BEGIN

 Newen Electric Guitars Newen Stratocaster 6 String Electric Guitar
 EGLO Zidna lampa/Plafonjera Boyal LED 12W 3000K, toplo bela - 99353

END
BEGIN

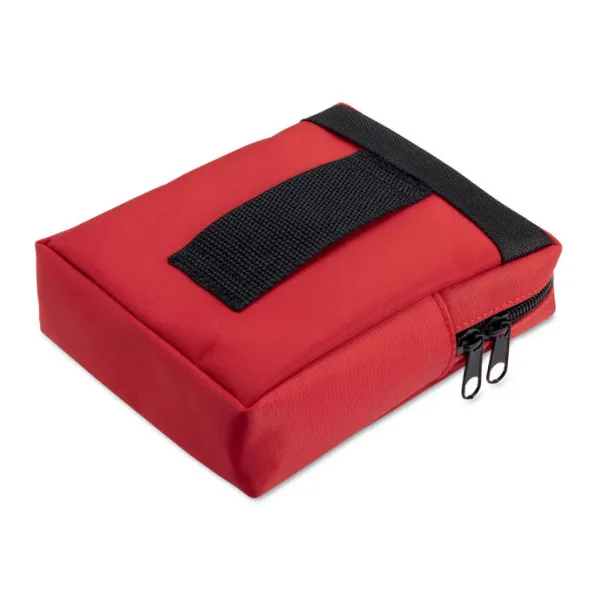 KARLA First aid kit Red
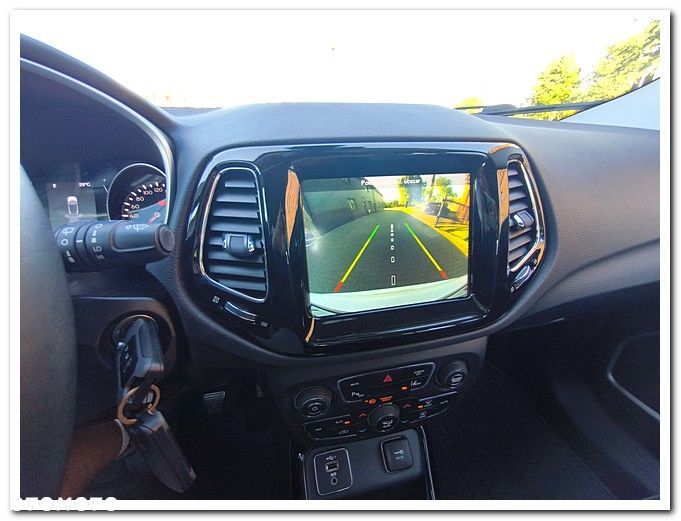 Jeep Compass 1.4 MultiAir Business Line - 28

END
BEGIN

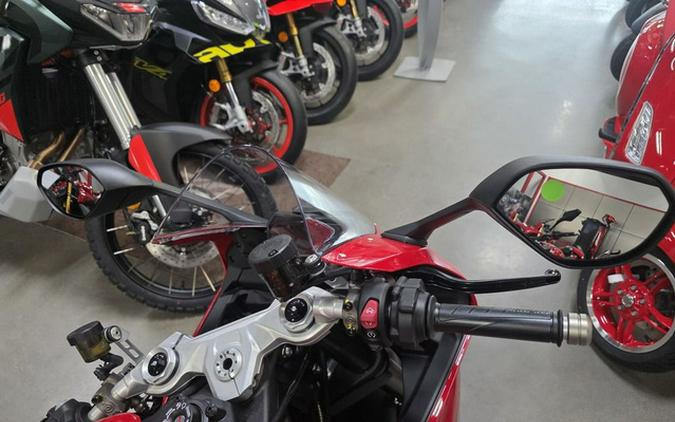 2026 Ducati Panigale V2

END

Everything between and including the line above containing "KARLA First aid kit Red" and the line containing "Jeep Compass 1.4 MultiAir Business Line - 28" should be reproduced exactly, with pictures excluded.

Answer to this task ::
 KARLA First aid kit Red
 Jeep Compass 1.4 MultiAir Business Line - 28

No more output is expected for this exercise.